La neurochirurgie est l'une des spécialités chirurgicales les plus délicates, intervenant sur le cerveau, la moelle épinière et les nerfs périphériques. La proximité des structures nerveuses essentielles rend chaque geste critique. Une erreur technique, un défaut de planification opératoire ou un retard de prise en charge peuvent entraîner des séquelles neurologiques irréversibles : paralysie, troubles sensitifs, atteintes cognitives. Les victimes de ces erreurs ont droit à une indemnisation à la hauteur de leur préjudice.
Les erreurs en chirurgie du rachis
La chirurgie du rachis constitue l'activité la plus courante de la neurochirurgie et la source principale de contentieux dans cette spécialité. L'opération de la hernie discale lombaire, intervention parmi les plus pratiquées, expose à des risques de complications fautives. L'erreur de niveau opératoire, consistant à opérer un disque intervertébral différent de celui qui est pathologique, est une faute inexcusable qui doit être prévenue par un repérage radiologique peropératoire systématique.

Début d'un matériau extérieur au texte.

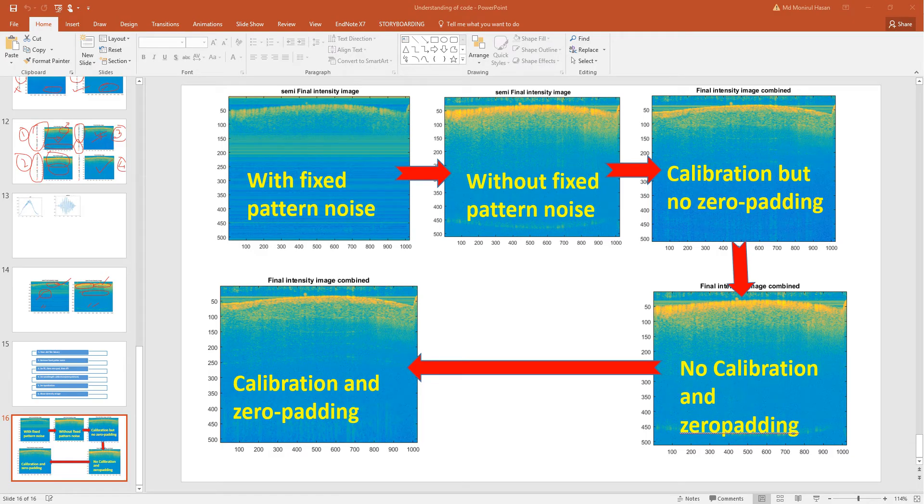Today I will talk about how to process the data in the spectral domain of optical coherence tomography. This is basically the summary of the data, how we can process.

La lésion d'une racine nerveuse lors de la dissection, entraînant un déficit moteur ou sensitif dans le territoire correspondant, peut résulter d'une technique chirurgicale insuffisamment prudente. La récidive de hernie discale, bien que possible sans faute, peut être mise en relation avec une discectomie initiale incomplète. La chirurgie de la sténose canalaire lombaire expose à des risques de lésion durale avec fuite de liquide céphalorachidien, d'instabilité rachidienne secondaire si la décompression est trop agressive et de fibrose péridurale cicatricielle. L'arthrodèse rachidienne, comportant la mise en place de vis pédiculaires et de cages intersomatiques, doit respecter des critères de positionnement stricts. Un mauvais positionnement de vis pédiculaire, pénétrant dans le canal rachidien ou dans un foramen, peut provoquer une lésion nerveuse ou vasculaire. Le contrôle peropératoire par neuromonitoring ou par imagerie est recommandé pour minimiser ce risque.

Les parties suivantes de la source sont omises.